[[ Material provided open ]]

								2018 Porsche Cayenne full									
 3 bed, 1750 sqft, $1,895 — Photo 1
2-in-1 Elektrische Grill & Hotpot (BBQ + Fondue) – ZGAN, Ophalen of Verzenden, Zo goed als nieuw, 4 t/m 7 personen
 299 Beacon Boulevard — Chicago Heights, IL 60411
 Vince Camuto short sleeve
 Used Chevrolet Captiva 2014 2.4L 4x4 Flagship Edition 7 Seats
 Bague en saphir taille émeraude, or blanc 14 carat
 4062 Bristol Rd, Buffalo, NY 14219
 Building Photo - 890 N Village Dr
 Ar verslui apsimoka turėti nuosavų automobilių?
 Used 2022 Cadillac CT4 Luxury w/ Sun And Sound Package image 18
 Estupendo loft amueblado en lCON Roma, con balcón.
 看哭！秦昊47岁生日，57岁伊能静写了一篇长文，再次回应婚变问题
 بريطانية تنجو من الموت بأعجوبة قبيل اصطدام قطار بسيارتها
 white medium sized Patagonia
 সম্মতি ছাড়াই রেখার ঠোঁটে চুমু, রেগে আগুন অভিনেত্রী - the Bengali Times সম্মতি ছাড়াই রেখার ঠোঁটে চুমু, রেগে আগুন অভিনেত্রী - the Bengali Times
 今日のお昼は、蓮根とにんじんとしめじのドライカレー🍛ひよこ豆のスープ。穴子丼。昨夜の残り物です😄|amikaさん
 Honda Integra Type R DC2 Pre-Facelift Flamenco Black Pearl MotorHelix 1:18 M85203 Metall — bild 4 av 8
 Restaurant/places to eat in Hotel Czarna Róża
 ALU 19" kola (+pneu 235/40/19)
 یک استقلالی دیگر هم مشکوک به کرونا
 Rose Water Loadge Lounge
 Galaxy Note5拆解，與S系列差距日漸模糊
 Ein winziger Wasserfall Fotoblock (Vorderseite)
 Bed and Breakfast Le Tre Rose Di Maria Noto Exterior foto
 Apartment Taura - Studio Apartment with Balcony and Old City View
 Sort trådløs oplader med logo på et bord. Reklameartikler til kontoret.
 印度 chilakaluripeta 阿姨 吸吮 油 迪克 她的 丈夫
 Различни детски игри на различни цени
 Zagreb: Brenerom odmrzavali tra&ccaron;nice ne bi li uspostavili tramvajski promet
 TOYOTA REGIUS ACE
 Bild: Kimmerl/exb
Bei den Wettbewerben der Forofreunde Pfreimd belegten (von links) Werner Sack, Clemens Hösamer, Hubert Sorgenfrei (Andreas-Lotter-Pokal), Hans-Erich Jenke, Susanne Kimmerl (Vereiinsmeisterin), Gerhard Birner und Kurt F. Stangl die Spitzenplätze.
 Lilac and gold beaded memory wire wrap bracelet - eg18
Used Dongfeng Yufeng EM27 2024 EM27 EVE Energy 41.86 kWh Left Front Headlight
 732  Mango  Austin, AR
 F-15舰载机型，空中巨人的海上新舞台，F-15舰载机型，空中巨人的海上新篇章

[[ Material provided closed ]]

• _Exercise_
From the entries above, print the lines beginning at the one with "Restaurant/places to eat" and stopping after the one with "Bild: Kimmerl/exb", exactly as written and with nothing else.

• _Completed exercise_
 Restaurant/places to eat in Hotel Czarna Róża
 ALU 19" kola (+pneu 235/40/19)
 یک استقلالی دیگر هم مشکوک به کرونا
 Rose Water Loadge Lounge
 Galaxy Note5拆解，與S系列差距日漸模糊
 Ein winziger Wasserfall Fotoblock (Vorderseite)
 Bed and Breakfast Le Tre Rose Di Maria Noto Exterior foto
 Apartment Taura - Studio Apartment with Balcony and Old City View
 Sort trådløs oplader med logo på et bord. Reklameartikler til kontoret.
 印度 chilakaluripeta 阿姨 吸吮 油 迪克 她的 丈夫
 Различни детски игри на различни цени
 Zagreb: Brenerom odmrzavali tra&ccaron;nice ne bi li uspostavili tramvajski promet
 TOYOTA REGIUS ACE
 Bild: Kimmerl/exb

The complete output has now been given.